La Bolsa de Comercio de Rosario proyecta una cosecha de 155,8 millones de toneladas para el ciclo 2026/27. Aunque quedaría por debajo del récord de la campaña anterior, sería la segunda producción más alta de la historia y podría llevar las exportaciones agroindustriales a un nuevo máximo.
El agro argentino vuelve a mirar hacia una campaña de gran volumen. Las primeras proyecciones para el ciclo 2026/27 anticipan una producción total de 155,8 millones de toneladas de granos, un resultado que dependerá, fundamentalmente, de que el clima acompañe durante los próximos meses.
Según las estimaciones preliminares elaboradas por la Bolsa de Comercio de Rosario (BCR), ese volumen colocaría a la nueva campaña como la segunda mayor producción de granos de la historia argentina.
La cifra quedaría aproximadamente un 10% por debajo del récord alcanzado durante el ciclo 2025/26, cuando la cosecha llegó a 172,4 millones de toneladas, pero seguiría ubicándose en niveles históricamente elevados.
Maíz, soja y trigo sostendrían el volumen
Entre los principales cultivos, el maíz volvería a ocupar un lugar central dentro del esquema productivo argentino.
Las primeras estimaciones de la BCR proyectan una producción de 67,5 millones de toneladas de maíz, mientras que la soja alcanzaría 47,8 millones de toneladas.
Para el trigo se esperan alrededor de 21 millones de toneladas.
En el caso del cereal de invierno, la superficie sembrada llegó a 6,95 millones de hectáreas, lo que representa la segunda mayor área implantada de los últimos diecisiete años.
Estos números permiten dimensionar el volumen que podría movilizar la cadena agrícola durante el próximo ciclo, tanto en producción primaria como en transporte, industrialización y exportación.
El ingreso de divisas podría marcar un nuevo récord
Más allá del volumen físico de producción, uno de los datos más destacados aparece en el frente externo.
La combinación entre cosecha, exportaciones y precios internacionales podría permitir que el complejo agroindustrial argentino alcance un nuevo récord de generación de divisas.
Las proyecciones indican que las exportaciones de granos, aceites y subproductos podrían alcanzar 113 millones de toneladas, lo que representaría el segundo mayor volumen exportado de la historia.
En términos de valor, los embarques agroindustriales podrían generar alrededor de US$ 42.200 millones.
La cifra superaría los US$ 41.800 millones estimados para la campaña actual y también quedaría por encima del máximo registrado durante el ciclo 2021/22.
La soja seguiría siendo la principal fuente de dólares
Dentro de la estructura exportadora, el complejo sojero continuaría encabezando la generación de divisas.
Las exportaciones vinculadas con la soja podrían aportar aproximadamente US$ 22.000 millones, incluyendo granos, harina, aceite y otros derivados.
El complejo maicero alcanzaría cerca de US$ 10.100 millones, un monto que, de concretarse, representaría un máximo histórico para el cereal.
El trigo aportaría alrededor de US$ 3.500 millones, mientras que el complejo girasol generaría otros US$ 3.400 millones.
En conjunto, estos cuatro cultivos volverían a concentrar buena parte del ingreso de dólares proveniente del sector agroindustrial.
Más actividad también dentro del mercado interno
El impacto de una campaña de estas características no se limitaría únicamente a las exportaciones.
Para el ciclo 2026/27 también se proyectan niveles récord en el consumo de granos en chacra y como semilla, además de una elevada utilización por parte de la industria.
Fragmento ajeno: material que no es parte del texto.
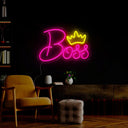 Boss Woman Neon Sign - Reels Custom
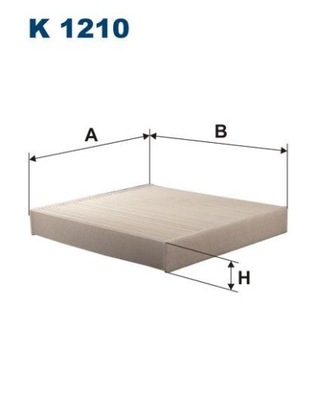 FILTER CABINS K1210/FIL  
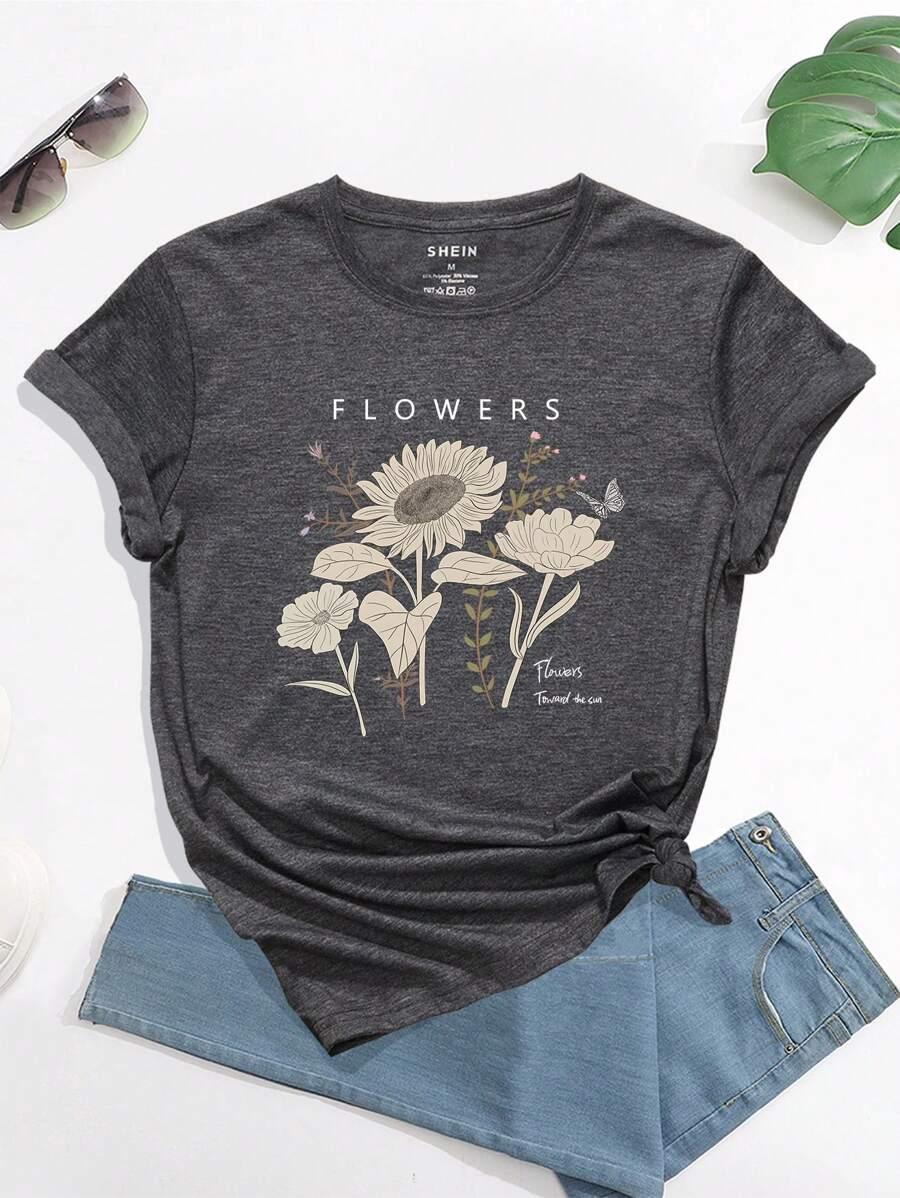 INAWLY SZARY T-SHIRT PRINT S06__L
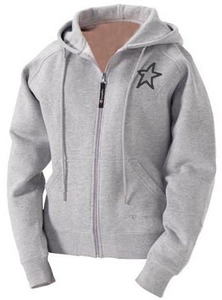Sudadera con capucha con cremallera completa de otoño para hombre de EE. UU. Patrón estampado poliéster grueso/Material de algodón diseño de cremallera lavada larga cuello con capucha polar - Product Image 2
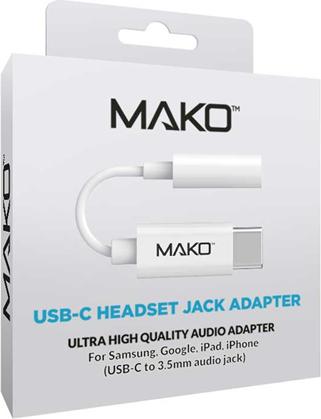 Immagine prodotto Mako USB-C Headset Jack Adapter (USB tipo C, Presa da 3,5 mm)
El escenario estaría acompañado por el buen desempeño de las cadenas vinculadas con la producción de proteína animal y por mayores niveles de industrialización de soja, girasol, trigo y maíz.
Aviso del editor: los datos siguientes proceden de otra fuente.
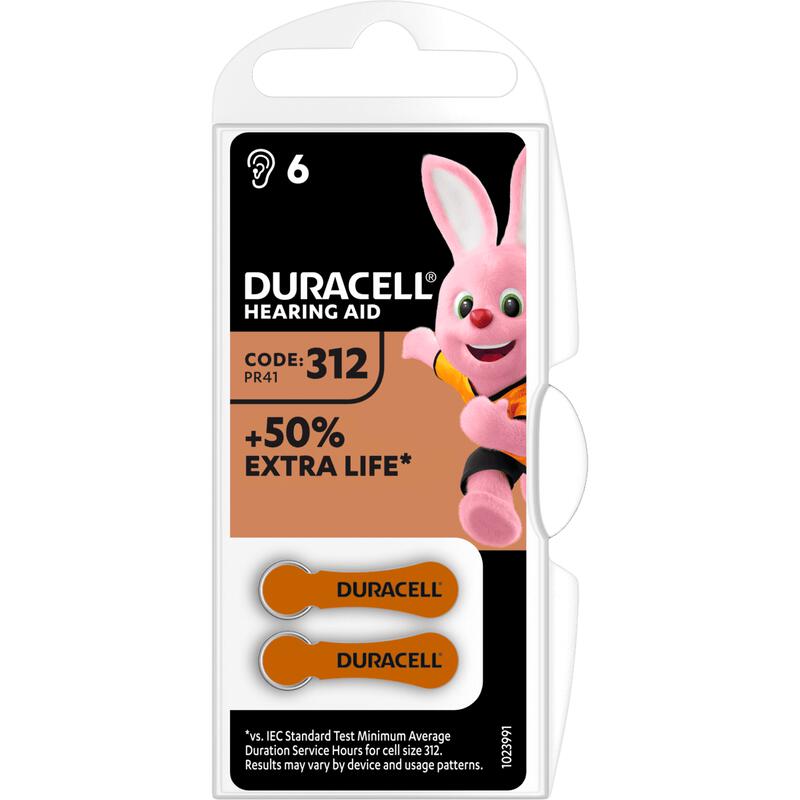 Duracell Hearing Aid Duralock Batterij 312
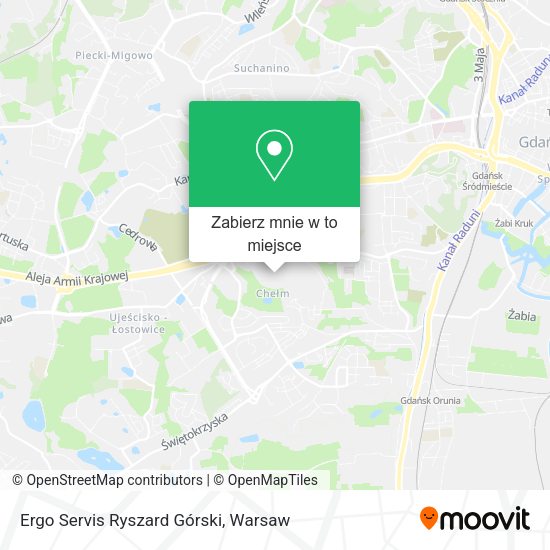 Mapa Ergo Servis Ryszard Górski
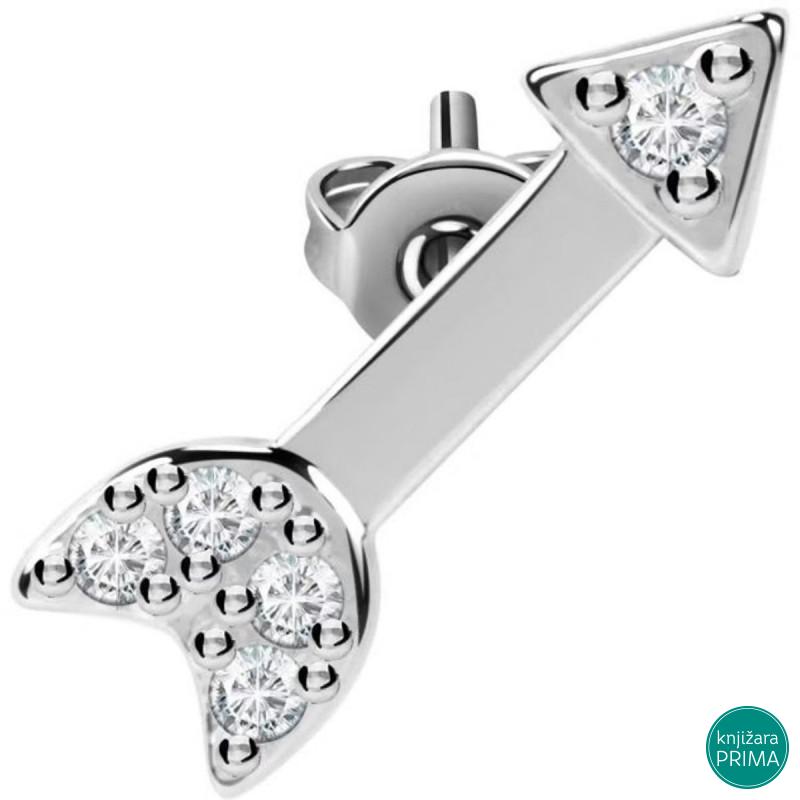 Minđuša singl LA PETITE STORY Arrow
Esto implicaría una mayor demanda de granos dentro del país y un mayor movimiento en distintos eslabones de la cadena agroindustrial.
El clima sigue siendo la principal variable
A pesar de las buenas perspectivas, las estimaciones todavía tienen carácter preliminar.
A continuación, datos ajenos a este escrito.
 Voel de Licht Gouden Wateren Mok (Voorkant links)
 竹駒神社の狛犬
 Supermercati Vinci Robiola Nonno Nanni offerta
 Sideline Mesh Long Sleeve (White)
La evolución climática durante los próximos meses será determinante para que estos volúmenes puedan concretarse, especialmente en los cultivos de verano.
Para soja y maíz, las primeras proyecciones utilizan rendimientos tendenciales, que serán ajustados a medida que avance la campaña y se conozca con mayor precisión el comportamiento de las precipitaciones y las temperaturas.
El potencial está planteado: una cosecha cercana a 156 millones de toneladas podría colocar nuevamente a la Argentina entre sus mayores campañas agrícolas y llevar el ingreso de divisas del agro hasta un nuevo máximo histórico.
Pero, como ocurre cada año en el campo, una parte decisiva de esa ecuación todavía depende del clima.